[Opening Available data section]
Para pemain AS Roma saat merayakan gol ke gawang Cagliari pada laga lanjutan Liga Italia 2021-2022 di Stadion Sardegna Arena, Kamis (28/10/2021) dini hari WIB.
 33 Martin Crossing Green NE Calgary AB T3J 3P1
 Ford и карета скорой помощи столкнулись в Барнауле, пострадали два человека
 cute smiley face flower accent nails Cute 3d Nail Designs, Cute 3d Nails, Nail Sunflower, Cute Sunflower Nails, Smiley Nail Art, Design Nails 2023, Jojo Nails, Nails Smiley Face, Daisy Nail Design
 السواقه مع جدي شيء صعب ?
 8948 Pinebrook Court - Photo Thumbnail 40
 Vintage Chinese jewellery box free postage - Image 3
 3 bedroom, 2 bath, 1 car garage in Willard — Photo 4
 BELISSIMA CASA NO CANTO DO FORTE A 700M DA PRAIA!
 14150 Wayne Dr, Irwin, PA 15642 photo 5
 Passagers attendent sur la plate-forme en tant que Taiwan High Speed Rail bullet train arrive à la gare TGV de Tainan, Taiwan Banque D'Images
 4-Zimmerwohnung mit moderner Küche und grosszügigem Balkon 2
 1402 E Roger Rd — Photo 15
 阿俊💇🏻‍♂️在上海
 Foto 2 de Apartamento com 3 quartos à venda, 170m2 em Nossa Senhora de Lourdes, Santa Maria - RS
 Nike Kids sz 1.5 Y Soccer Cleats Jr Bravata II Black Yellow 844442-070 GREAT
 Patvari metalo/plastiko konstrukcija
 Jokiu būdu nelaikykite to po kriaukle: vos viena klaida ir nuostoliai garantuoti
[Closing Available data section]
__What the task requires__. Output each line of the material exactly as it was written above.

__Solution to this problem__.
Para pemain AS Roma saat merayakan gol ke gawang Cagliari pada laga lanjutan Liga Italia 2021-2022 di Stadion Sardegna Arena, Kamis (28/10/2021) dini hari WIB.
 33 Martin Crossing Green NE Calgary AB T3J 3P1
 Ford и карета скорой помощи столкнулись в Барнауле, пострадали два человека
 cute smiley face flower accent nails Cute 3d Nail Designs, Cute 3d Nails, Nail Sunflower, Cute Sunflower Nails, Smiley Nail Art, Design Nails 2023, Jojo Nails, Nails Smiley Face, Daisy Nail Design
 السواقه مع جدي شيء صعب ?
 8948 Pinebrook Court - Photo Thumbnail 40
 Vintage Chinese jewellery box free postage - Image 3
 3 bedroom, 2 bath, 1 car garage in Willard — Photo 4
 BELISSIMA CASA NO CANTO DO FORTE A 700M DA PRAIA!
 14150 Wayne Dr, Irwin, PA 15642 photo 5
 Passagers attendent sur la plate-forme en tant que Taiwan High Speed Rail bullet train arrive à la gare TGV de Tainan, Taiwan Banque D'Images
 4-Zimmerwohnung mit moderner Küche und grosszügigem Balkon 2
 1402 E Roger Rd — Photo 15
 阿俊💇🏻‍♂️在上海
 Foto 2 de Apartamento com 3 quartos à venda, 170m2 em Nossa Senhora de Lourdes, Santa Maria - RS
 Nike Kids sz 1.5 Y Soccer Cleats Jr Bravata II Black Yellow 844442-070 GREAT
 Patvari metalo/plastiko konstrukcija
 Jokiu būdu nelaikykite to po kriaukle: vos viena klaida ir nuostoliai garantuoti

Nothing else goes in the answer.